[[ Available data, beginning ]]

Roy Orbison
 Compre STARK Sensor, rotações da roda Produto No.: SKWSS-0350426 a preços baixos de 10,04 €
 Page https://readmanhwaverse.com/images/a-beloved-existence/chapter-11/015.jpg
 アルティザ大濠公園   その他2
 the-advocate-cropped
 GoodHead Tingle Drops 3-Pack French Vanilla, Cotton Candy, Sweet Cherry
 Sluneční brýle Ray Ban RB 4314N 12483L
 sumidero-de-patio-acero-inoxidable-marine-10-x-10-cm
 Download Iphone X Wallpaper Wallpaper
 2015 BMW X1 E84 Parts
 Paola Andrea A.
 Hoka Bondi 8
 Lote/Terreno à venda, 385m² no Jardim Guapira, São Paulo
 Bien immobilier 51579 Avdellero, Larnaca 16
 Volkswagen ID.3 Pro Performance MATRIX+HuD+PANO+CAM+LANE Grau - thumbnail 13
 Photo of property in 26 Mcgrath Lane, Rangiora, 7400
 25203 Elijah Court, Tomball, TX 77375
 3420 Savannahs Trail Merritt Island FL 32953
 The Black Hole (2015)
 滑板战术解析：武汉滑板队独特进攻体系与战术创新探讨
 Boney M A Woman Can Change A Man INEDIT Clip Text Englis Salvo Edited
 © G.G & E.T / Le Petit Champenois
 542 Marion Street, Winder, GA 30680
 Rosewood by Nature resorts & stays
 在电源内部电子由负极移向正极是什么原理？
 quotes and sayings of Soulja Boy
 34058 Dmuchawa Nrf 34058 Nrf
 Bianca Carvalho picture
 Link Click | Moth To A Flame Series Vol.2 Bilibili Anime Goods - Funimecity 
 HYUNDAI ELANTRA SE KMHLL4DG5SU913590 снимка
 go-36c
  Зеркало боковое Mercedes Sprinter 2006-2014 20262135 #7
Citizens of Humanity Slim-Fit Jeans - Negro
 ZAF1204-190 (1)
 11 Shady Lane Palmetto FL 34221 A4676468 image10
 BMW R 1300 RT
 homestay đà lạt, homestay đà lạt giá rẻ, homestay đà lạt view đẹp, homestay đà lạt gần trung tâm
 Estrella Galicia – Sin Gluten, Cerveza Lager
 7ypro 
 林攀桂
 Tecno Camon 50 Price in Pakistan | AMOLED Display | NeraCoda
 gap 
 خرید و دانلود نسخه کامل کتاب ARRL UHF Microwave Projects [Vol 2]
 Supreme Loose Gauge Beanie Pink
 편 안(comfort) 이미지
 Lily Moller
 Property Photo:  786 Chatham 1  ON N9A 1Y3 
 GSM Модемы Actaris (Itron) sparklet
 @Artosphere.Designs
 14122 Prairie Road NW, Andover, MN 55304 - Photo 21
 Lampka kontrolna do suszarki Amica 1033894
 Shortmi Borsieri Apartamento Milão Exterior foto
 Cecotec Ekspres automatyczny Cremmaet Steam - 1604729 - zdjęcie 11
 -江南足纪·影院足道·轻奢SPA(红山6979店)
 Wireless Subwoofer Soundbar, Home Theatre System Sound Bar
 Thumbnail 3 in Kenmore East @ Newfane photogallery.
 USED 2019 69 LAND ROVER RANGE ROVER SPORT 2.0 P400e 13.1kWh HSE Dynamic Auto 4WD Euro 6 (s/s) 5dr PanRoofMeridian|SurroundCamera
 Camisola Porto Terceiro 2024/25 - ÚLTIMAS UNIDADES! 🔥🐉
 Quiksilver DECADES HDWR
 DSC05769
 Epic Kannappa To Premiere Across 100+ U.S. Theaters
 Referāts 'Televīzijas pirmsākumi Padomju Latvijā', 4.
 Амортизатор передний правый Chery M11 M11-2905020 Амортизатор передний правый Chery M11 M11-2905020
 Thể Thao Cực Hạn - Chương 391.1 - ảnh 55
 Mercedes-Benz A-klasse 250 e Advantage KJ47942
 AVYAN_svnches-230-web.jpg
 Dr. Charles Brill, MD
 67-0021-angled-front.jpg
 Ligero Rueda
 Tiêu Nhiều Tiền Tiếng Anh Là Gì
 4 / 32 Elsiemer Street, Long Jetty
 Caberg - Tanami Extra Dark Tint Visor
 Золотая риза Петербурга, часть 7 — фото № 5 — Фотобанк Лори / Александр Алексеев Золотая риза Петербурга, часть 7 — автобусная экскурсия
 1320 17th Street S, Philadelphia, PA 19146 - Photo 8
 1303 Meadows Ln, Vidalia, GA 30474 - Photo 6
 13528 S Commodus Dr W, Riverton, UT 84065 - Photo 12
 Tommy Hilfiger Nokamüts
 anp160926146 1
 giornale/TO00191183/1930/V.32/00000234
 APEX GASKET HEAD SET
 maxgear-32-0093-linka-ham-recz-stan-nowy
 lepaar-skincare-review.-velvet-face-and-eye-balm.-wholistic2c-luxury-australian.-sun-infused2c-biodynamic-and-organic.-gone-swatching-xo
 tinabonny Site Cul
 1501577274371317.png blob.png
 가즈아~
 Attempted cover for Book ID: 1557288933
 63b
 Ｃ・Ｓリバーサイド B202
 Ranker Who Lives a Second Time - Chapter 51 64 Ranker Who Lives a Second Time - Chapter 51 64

[[ Available data, end ]]

Work instructions:
The line containing "Tiêu Nhiều Tiền Tiếng Anh Là Gì" and all lines after it, through the end of the entries above, are to be returned exactly and alone.

Written reply:
 Tiêu Nhiều Tiền Tiếng Anh Là Gì
 4 / 32 Elsiemer Street, Long Jetty
 Caberg - Tanami Extra Dark Tint Visor
 Золотая риза Петербурга, часть 7 — фото № 5 — Фотобанк Лори / Александр Алексеев Золотая риза Петербурга, часть 7 — автобусная экскурсия
 1320 17th Street S, Philadelphia, PA 19146 - Photo 8
 1303 Meadows Ln, Vidalia, GA 30474 - Photo 6
 13528 S Commodus Dr W, Riverton, UT 84065 - Photo 12
 Tommy Hilfiger Nokamüts
 anp160926146 1
 giornale/TO00191183/1930/V.32/00000234
 APEX GASKET HEAD SET
 maxgear-32-0093-linka-ham-recz-stan-nowy
 lepaar-skincare-review.-velvet-face-and-eye-balm.-wholistic2c-luxury-australian.-sun-infused2c-biodynamic-and-organic.-gone-swatching-xo
 tinabonny Site Cul
 1501577274371317.png blob.png
 가즈아~
 Attempted cover for Book ID: 1557288933
 63b
 Ｃ・Ｓリバーサイド B202
 Ranker Who Lives a Second Time - Chapter 51 64 Ranker Who Lives a Second Time - Chapter 51 64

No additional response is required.